Ты узнаешь ее, Сережа?
Макс ФрайУ царя Мидаса ослиная бездна
Сказку, вернее, адаптированный для детей миф про царя Мидаса ему прочитал дед, сам тогда еще не умел. Слушал, как завороженный и потом часто просил: «Давай еще раз почитаем про царя с ослиными ушами!» Однако поразили его не уши и даже не говорящий тростник, а сама идея царского брадобрея: вырыть яму и поговорить с ней.
Все время думал: с кем он тогда говорил? С ямой? Или с Землей, в смысле со всей планетой? Но с планетой можно поговорить и без ямы, она же вообще везде. Значит, все-таки с ямой? Которую перед этим сам же и вырыл? Это поражало его воображение. Потом, много позже, вспоминая свое детское впечатление, понял, что ему просто не хватило словарного запаса сформулировать: брадобрей говорил с глубиной.
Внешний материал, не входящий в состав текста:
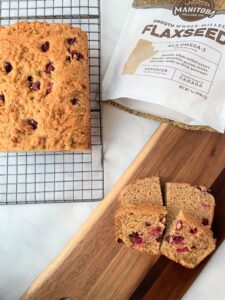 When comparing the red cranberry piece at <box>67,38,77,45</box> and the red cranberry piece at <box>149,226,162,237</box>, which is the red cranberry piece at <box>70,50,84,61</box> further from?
the red cranberry piece at <box>149,226,162,237</box>

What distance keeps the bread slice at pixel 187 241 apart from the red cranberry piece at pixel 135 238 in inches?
3.4

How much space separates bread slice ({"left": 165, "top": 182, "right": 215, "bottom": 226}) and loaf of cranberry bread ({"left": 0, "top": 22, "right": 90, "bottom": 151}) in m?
0.38

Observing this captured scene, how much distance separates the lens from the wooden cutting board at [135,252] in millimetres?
1806

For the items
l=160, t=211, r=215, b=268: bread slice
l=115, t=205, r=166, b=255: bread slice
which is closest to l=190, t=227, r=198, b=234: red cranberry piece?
l=160, t=211, r=215, b=268: bread slice

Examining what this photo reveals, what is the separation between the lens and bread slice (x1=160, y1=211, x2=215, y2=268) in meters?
1.76

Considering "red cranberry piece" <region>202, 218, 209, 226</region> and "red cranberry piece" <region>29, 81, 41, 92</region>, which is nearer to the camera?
"red cranberry piece" <region>29, 81, 41, 92</region>

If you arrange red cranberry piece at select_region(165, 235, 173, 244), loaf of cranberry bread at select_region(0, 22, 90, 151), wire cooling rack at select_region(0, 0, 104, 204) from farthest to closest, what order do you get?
wire cooling rack at select_region(0, 0, 104, 204) → red cranberry piece at select_region(165, 235, 173, 244) → loaf of cranberry bread at select_region(0, 22, 90, 151)

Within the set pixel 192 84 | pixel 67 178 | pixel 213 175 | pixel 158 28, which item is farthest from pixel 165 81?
pixel 67 178

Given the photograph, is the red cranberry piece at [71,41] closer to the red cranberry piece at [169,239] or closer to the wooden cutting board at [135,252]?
the wooden cutting board at [135,252]

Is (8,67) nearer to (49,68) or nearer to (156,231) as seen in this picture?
(49,68)

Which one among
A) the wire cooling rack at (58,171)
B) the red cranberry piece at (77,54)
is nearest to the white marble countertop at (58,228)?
the wire cooling rack at (58,171)

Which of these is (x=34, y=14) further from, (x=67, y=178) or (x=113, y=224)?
(x=113, y=224)

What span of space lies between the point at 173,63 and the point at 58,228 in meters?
0.77

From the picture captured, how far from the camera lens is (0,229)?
1.89 m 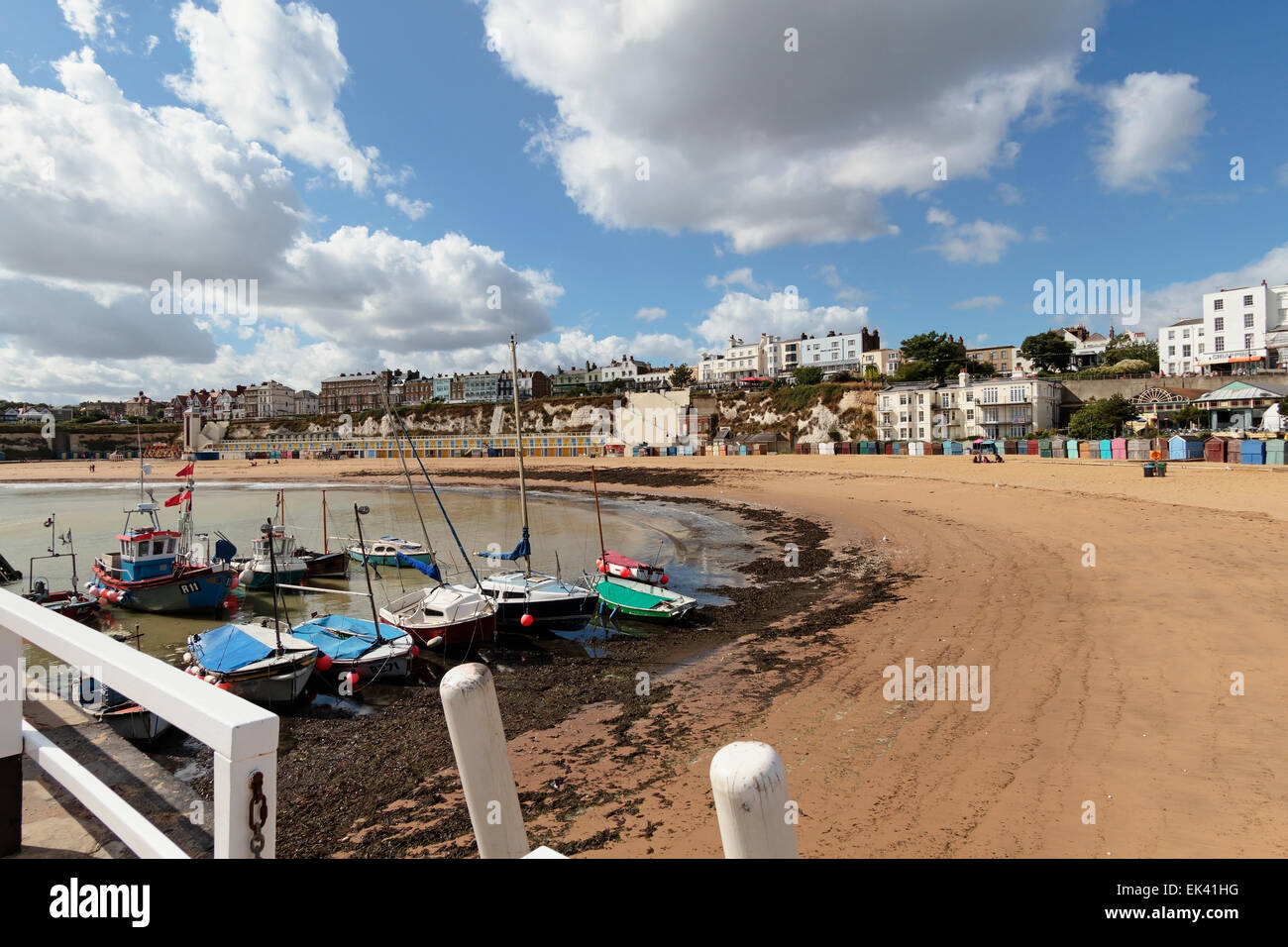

Неподалеку от дома строители вырыли огромную яму. Яма называлась «котлован» и была окружена высоким забором, в котором сразу же наделали кучу лазеек, благо строители куда-то подевались, так что гонять любопытных стало некому. Детям там гулять не разрешали, но где бы мы все были, если бы в детстве не ходили туда, куда нам не разрешали ходить. Конечно, бегали к котловану постоянно, обычно большой компанией, у них был дружный двор.
В одиночку он ходил смотреть на огромную яму-котлован всего дважды. В первый раз испугался, сам не зная чего, и почти сразу убежал. Ко второму визиту готовился заранее, долго решал, какую тайну расскажет этой глубокой, наверное аж до самой середины Земли прорытой яме. И какой из нее потом вырастет удивительный говорящий тростник. Или даже не тростник, а дерево? Например, сосна или дуб. Целая роща говорящих дубов. Поэтому следовало быть осторожным и чужие секреты, например, о том, как они с папой ходили играть в биллиард (папа играл, он смотрел, а потом ел шоколадное мороженое, такое же тайное, как перестук белых шаров в восхитительном прокуренном полумраке) или про бабушкины вставные зубы, лежавшие в шкатулке с изображением золотых журавлей, не выдавать.